[Opening Data to process section]
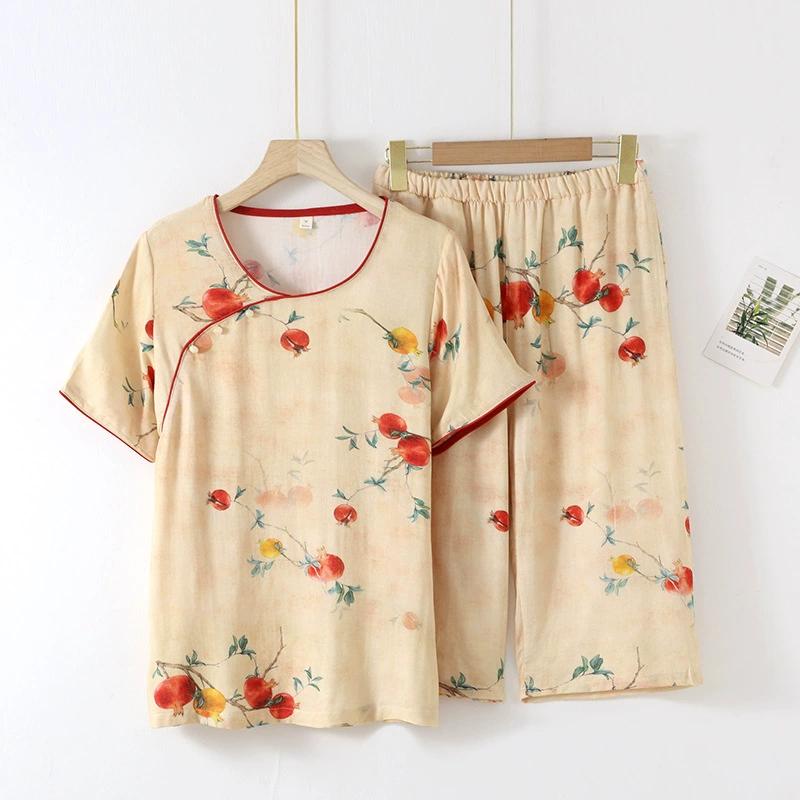 Sleepwear Clothes for Women Spring and Summer Cute Sweet Printed Casual Long Sleeved Long Pants Pyjama Set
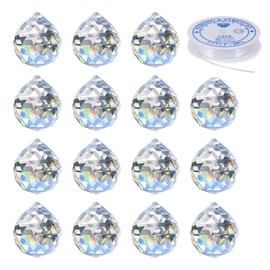 MerryNine Clear Crystal Ball Prism Sun Catcher Rainbow Pendant Manufacturer, Crystal Prism for Windows, Feng Shui for Gift (30mm 15 Pack)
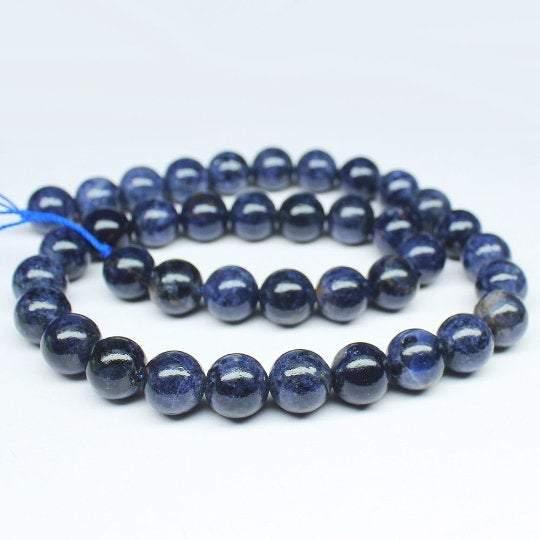 Natural Untreated Blue Sapphire Sphere Round Ball Smooth Beads Strand 8" 8mm - Jalvi & Co.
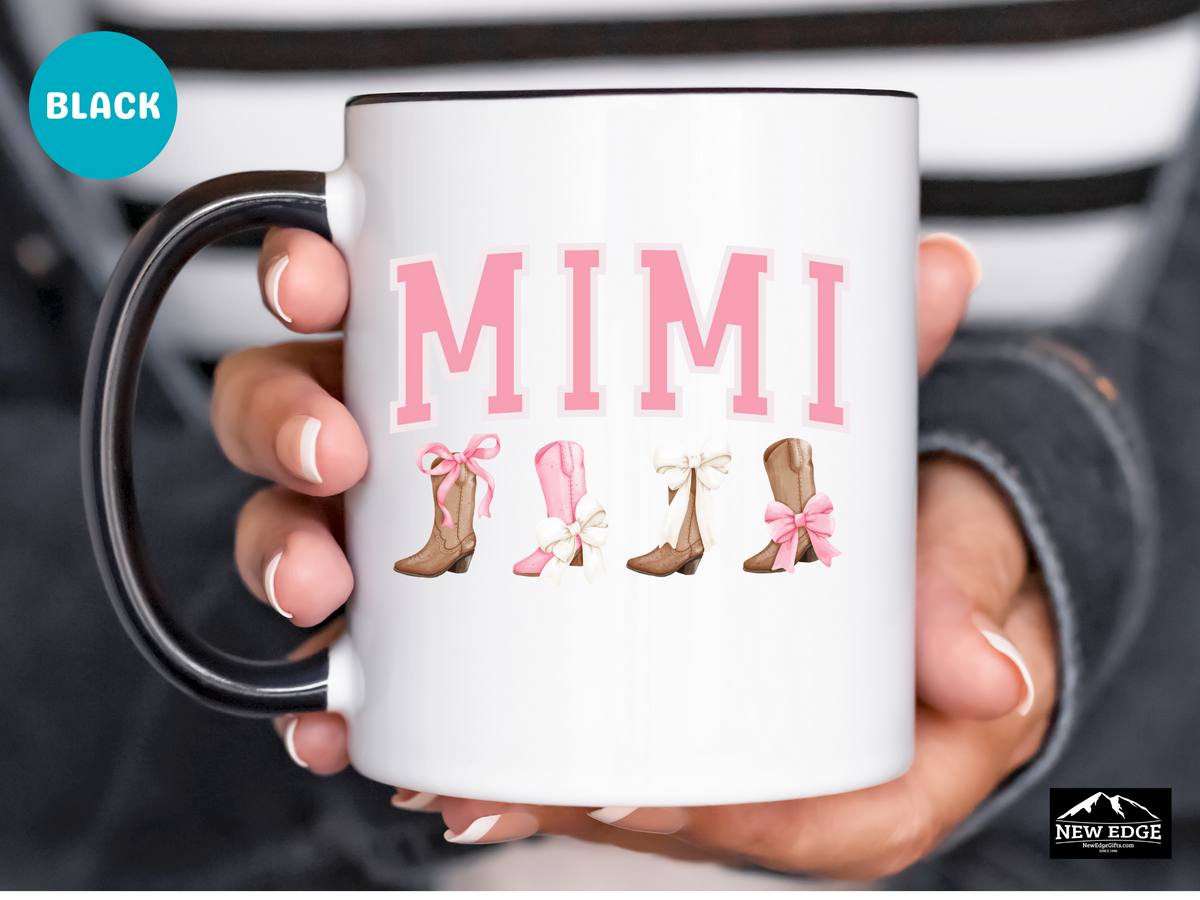 MIMI Letters Coffee Mug with Cowboy Boots and Bow – 11oz & 15oz Accent Mug – Cute Western Gift for Mimi – Country Style Coffee Cup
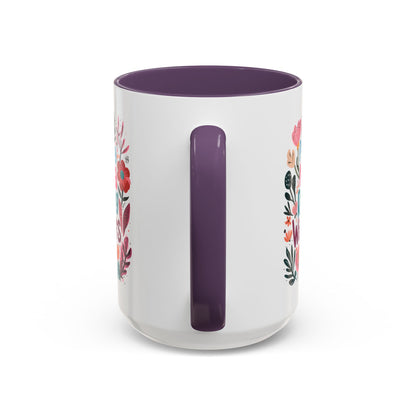 Floral Inspirational Coffee Accent Mug - Praying Mama Raising Warriors, Gift for Moms, Mother's Day Mug, Motivational Cup, Unique Kitchenware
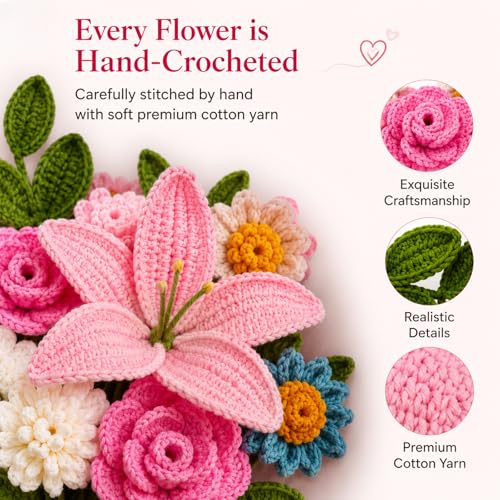Handmade Crochet Flowers Pink Lily Bouquet with Roses and Daisies - 11 Stems Artificial Plant for Wife, Mother, Lover - Anniversary Birthday Graduation Valentine's Day Gift Wedding Home Decor - color: Pink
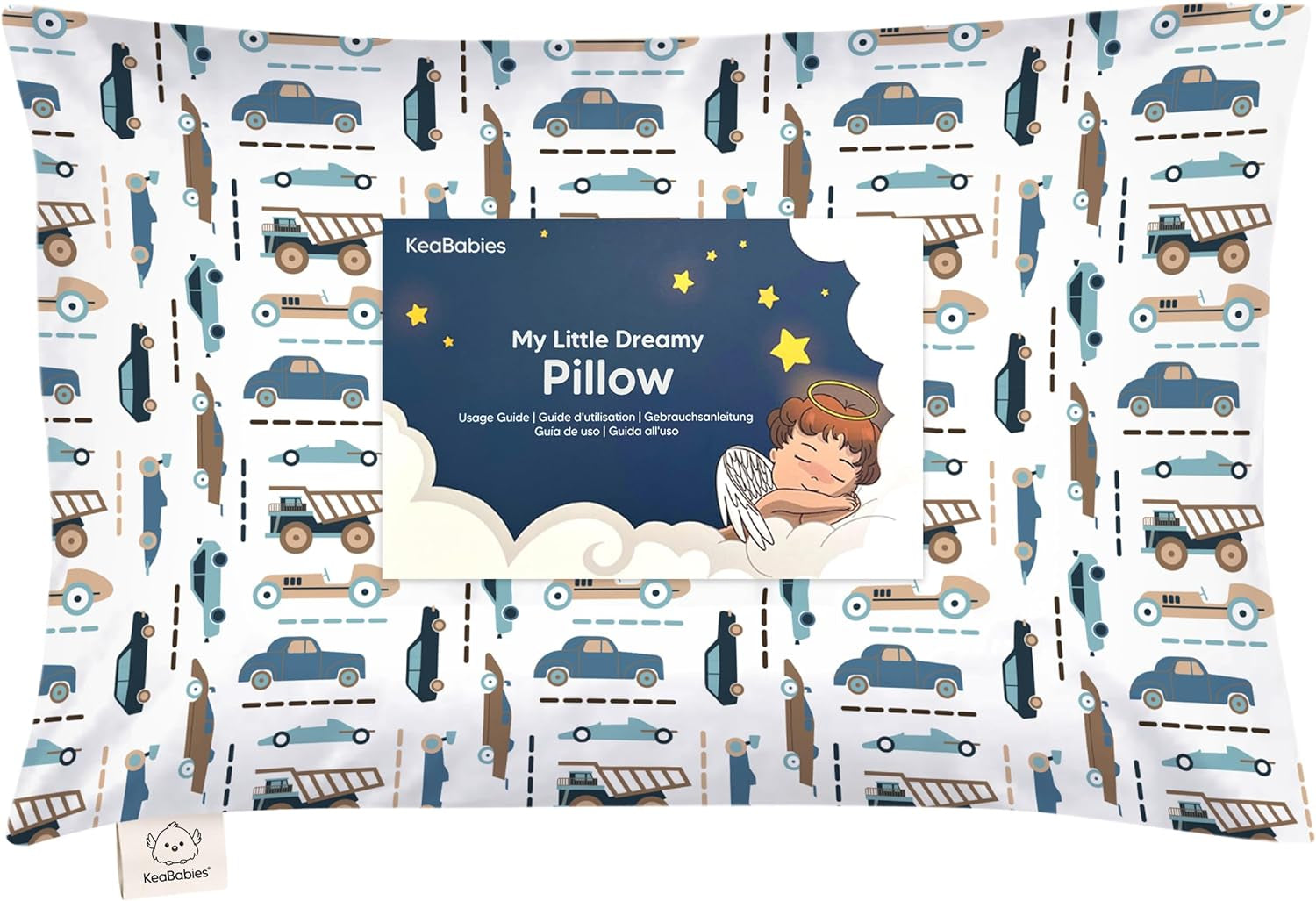 Toddler Pillow with Pillowcase, 13X18 My Little Dreamy Pillow (Vroom) | Kids Travel Bed Pillow for Sleep, Organic Cotton Small Pillowcase, Soft, Breathable, Machine Washable, Toddlers 2-5 Years Old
[Closing Data to process section]
What you are asked to do = Set down, word for word, only the lines running from the line with "Floral Inspirational Coffee" through the final line of the entries above, omitting all pictures.

Response =
 Floral Inspirational Coffee Accent Mug - Praying Mama Raising Warriors, Gift for Moms, Mother's Day Mug, Motivational Cup, Unique Kitchenware
Handmade Crochet Flowers Pink Lily Bouquet with Roses and Daisies - 11 Stems Artificial Plant for Wife, Mother, Lover - Anniversary Birthday Graduation Valentine's Day Gift Wedding Home Decor - color: Pink
 Toddler Pillow with Pillowcase, 13X18 My Little Dreamy Pillow (Vroom) | Kids Travel Bed Pillow for Sleep, Organic Cotton Small Pillowcase, Soft, Breathable, Machine Washable, Toddlers 2-5 Years Old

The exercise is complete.